== Problem requirements ==
Give back each record precisely, pictures excluded.

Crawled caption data
──────────
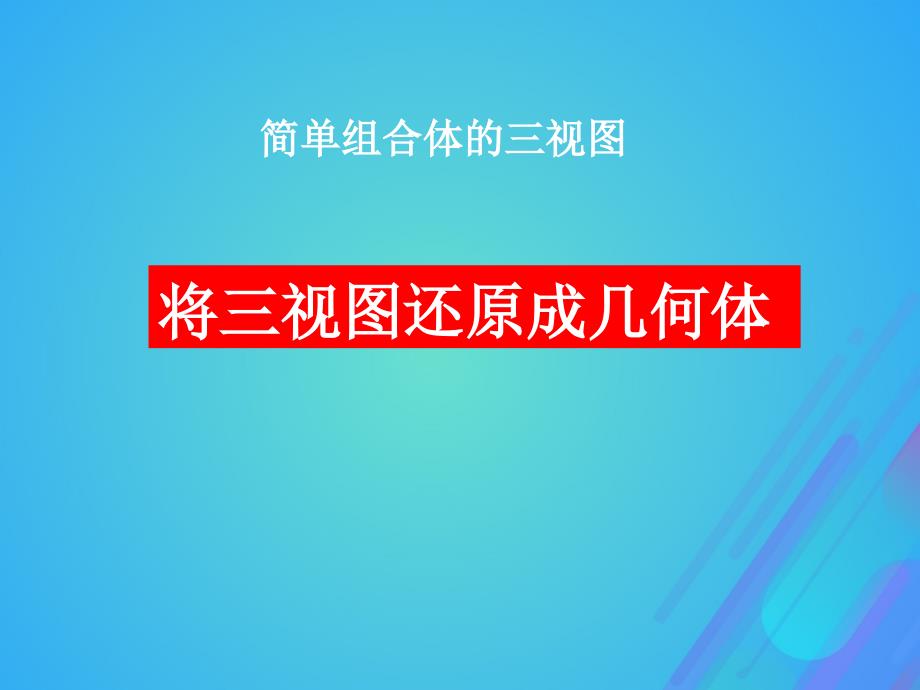 2018年高中数学_第一章 立体几何初步 1.3.2 由三视图还原成实物图课件2 北师大版必修2_第1页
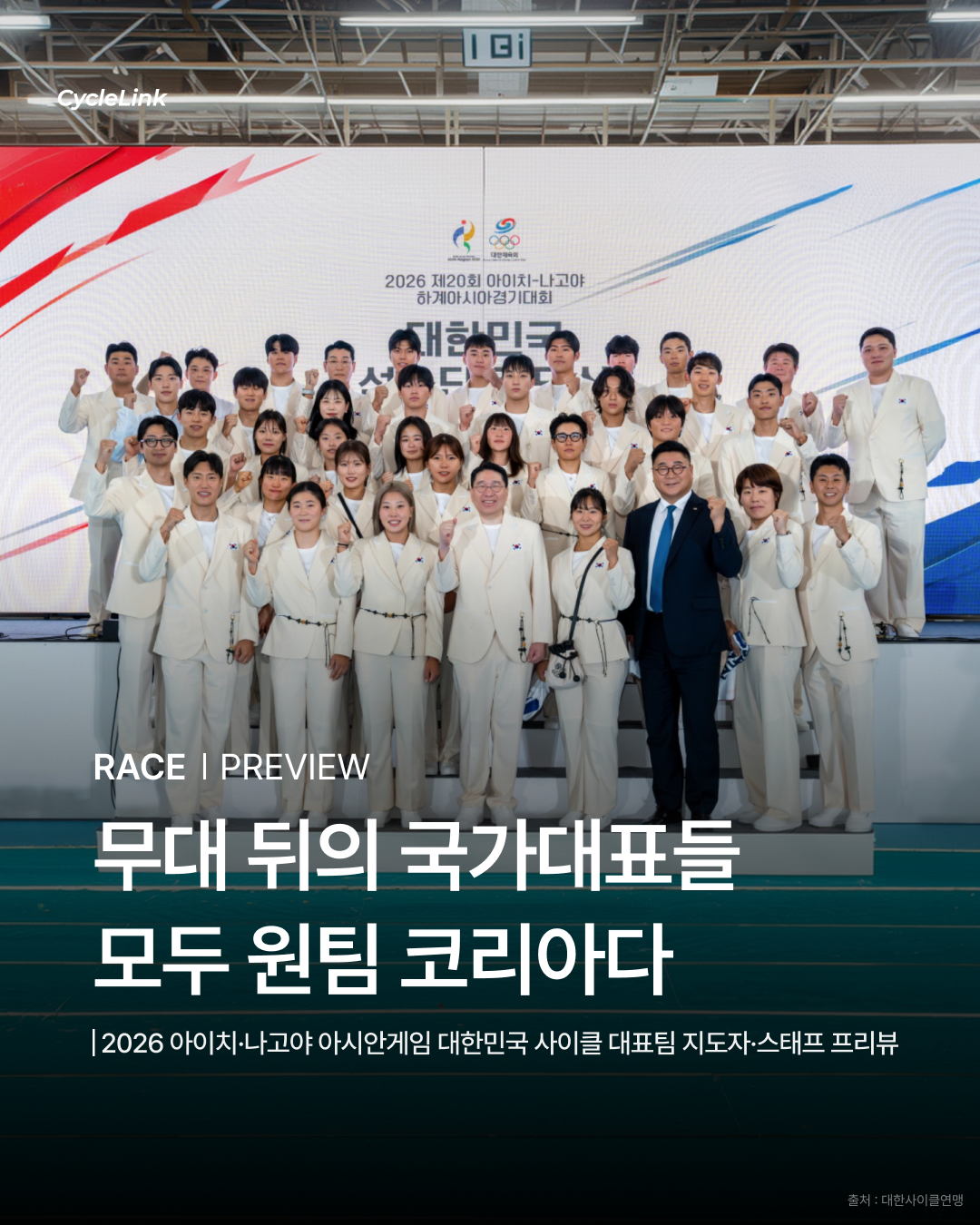 무대 뒤의 국가대표들 모두 원팀 코리아다 · 사진 1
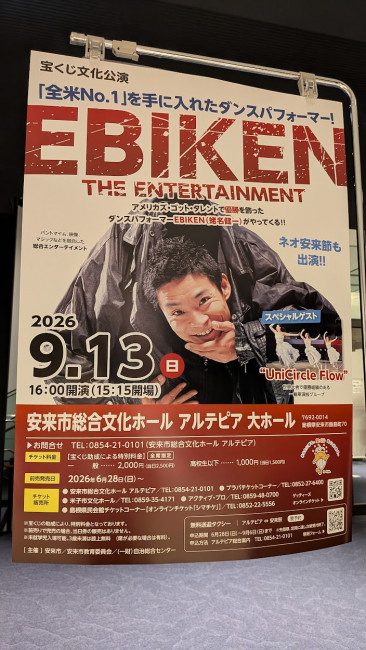 2026年9月13日、安来市総合文化ホール アルテピアで開催されたEBIKEN公演のポスター。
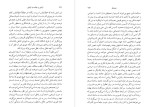 معرفی و دانلود کتاب آزادی و خیانت به آزادی آیزایا برلین-1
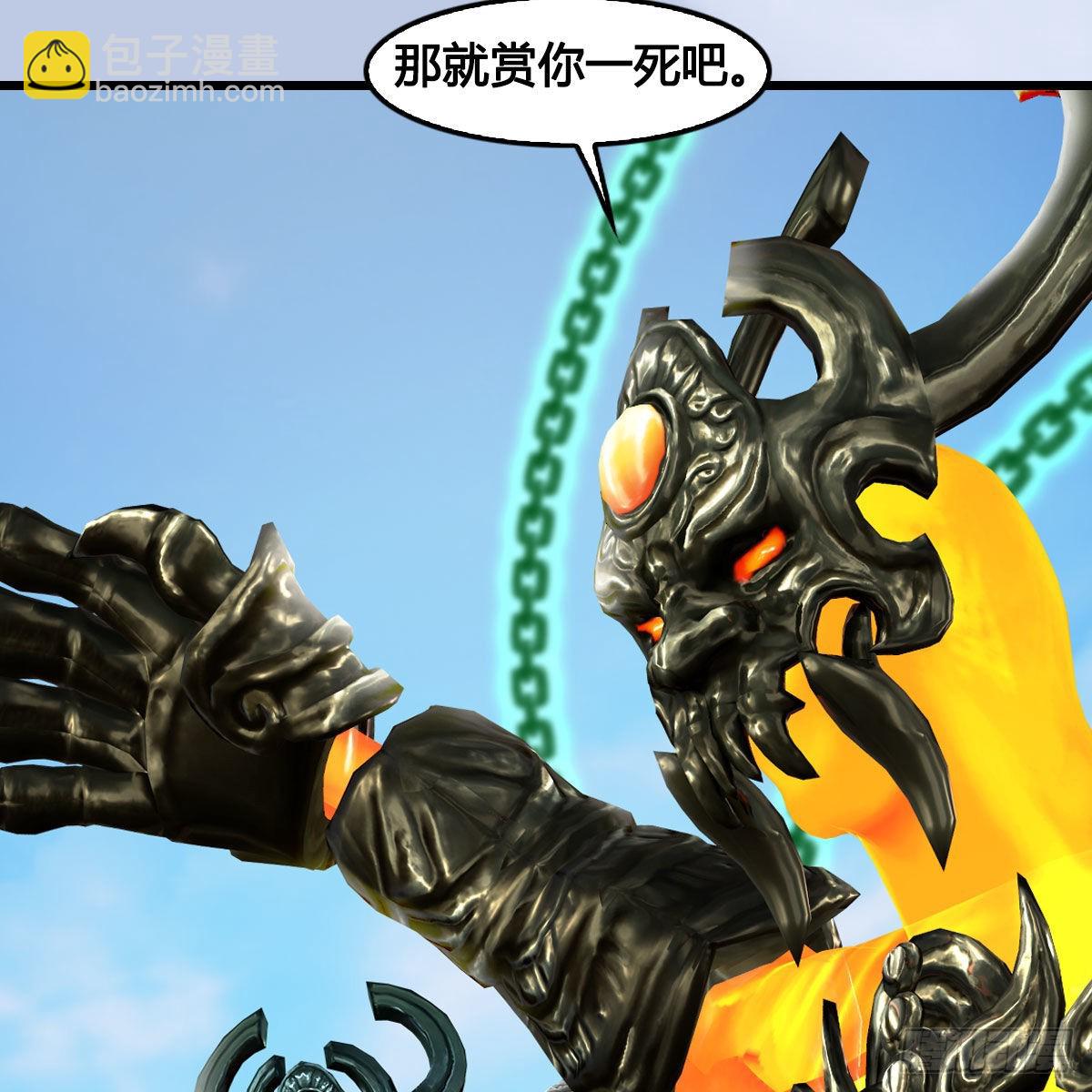 🍼堕玄师 第668话：自相残杀 第39页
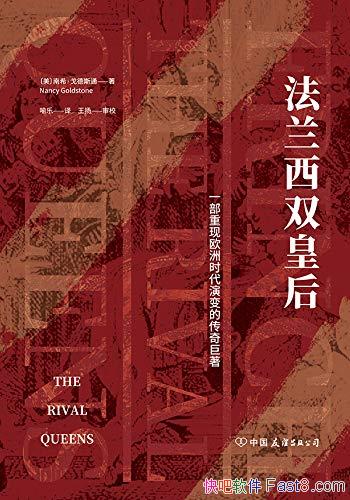 ��������˫�ʺ󡷸��˹ͨ/ŷ�޴�����������ִ��Ŀ�Խ/epub+mobi+azw3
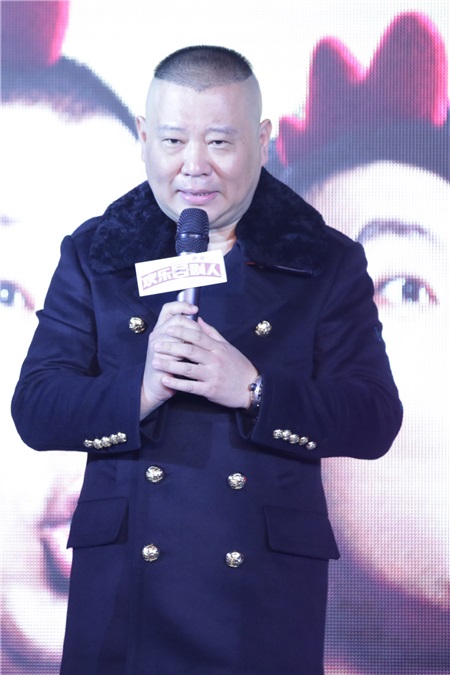 《喜剧人》拍电影 郭德纲笑侃:给了好多钱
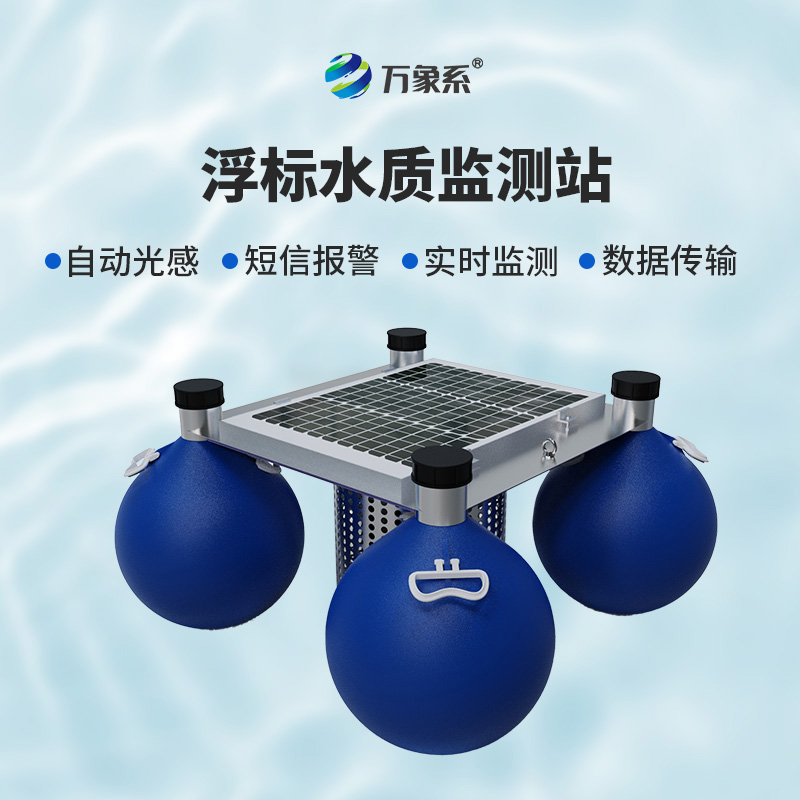 漂浮式水質(zhì)監(jiān)測設(shè)備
──────────
== Answer to this exercise ==
 2018年高中数学_第一章 立体几何初步 1.3.2 由三视图还原成实物图课件2 北师大版必修2_第1页
 무대 뒤의 국가대표들 모두 원팀 코리아다 · 사진 1
 2026年9月13日、安来市総合文化ホール アルテピアで開催されたEBIKEN公演のポスター。
 معرفی و دانلود کتاب آزادی و خیانت به آزادی آیزایا برلین-1
 🍼堕玄师 第668话：自相残杀 第39页
 ��������˫�ʺ󡷸��˹ͨ/ŷ�޴�����������ִ��Ŀ�Խ/epub+mobi+azw3
 《喜剧人》拍电影 郭德纲笑侃:给了好多钱
 漂浮式水質(zhì)監(jiān)測設(shè)備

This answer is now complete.